After finishing up my business in Boston, I took the Acela train down to Washington, DC. What a civilized way to travel! Six and a half hours of peace and scenery. I watched the morning sun glitter on the Atlantic Ocean. I spotted a great blue heron standing among reeds, and a young eagle flying with a wriggling fish in its talons. And somewhere along the way, I pulled out a pair of socks to work on.
The socks are improvised toe-up socks with slipped stitches, short row heels, and two variations of ribbing at the cuff. Yarn is Fleece Artist Sea Wool in "Midnight." They're for my sister.
These were the infamous socks that I'd started on the trip to India. I worked on them everywhere, even while riding a camel, but I most associate them with our epic overnight train ride from Jaisalmer to Delhi. By that point, I'd finished one sock and was at the heel of the second. But I could not for the life of me get that damned heel right.

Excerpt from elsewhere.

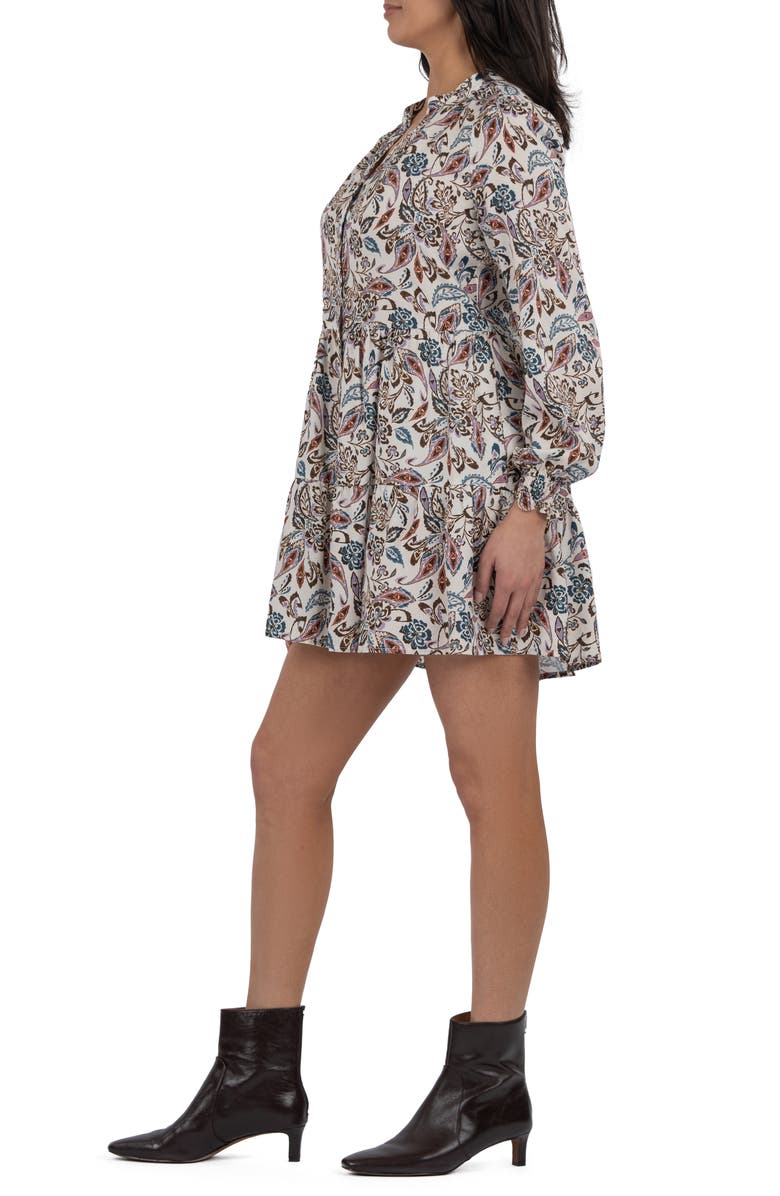 KUT from the Kloth Tallulah Tiered Long Sleeve Dress, Alternate, color, Ivory/ Brown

I was knitting in bad light, in motion, with a hungry stomach, a caffeine-withdrawal headache, and frayed nerves due to horrible and unpredictable train delays. I kept making mistakes that I wouldn't catch until hours later.
By the fourth time that I had to rip out the heel, I burst into tears and banished the socks to the bottom of my bag. It was, shall we say, not my best moment. It's taken months to work up the courage to pull them out again. But now you know why it was fitting to re-start them on a train trip and why I'm so relieved to have them finished.
Do you know what I realized as I was sewing in the ends? The parallel lines of ribbing at the top evoke train tracks for me. It's a subtle reminder of the journey made by these socks.
And keeping in the poetic train vein, have a listen to Feist + Ben Gibbard's haunting version of Train Song. My sister introduced me to it some months ago for us to sing together, and it's been running through my head as I wrote up this post.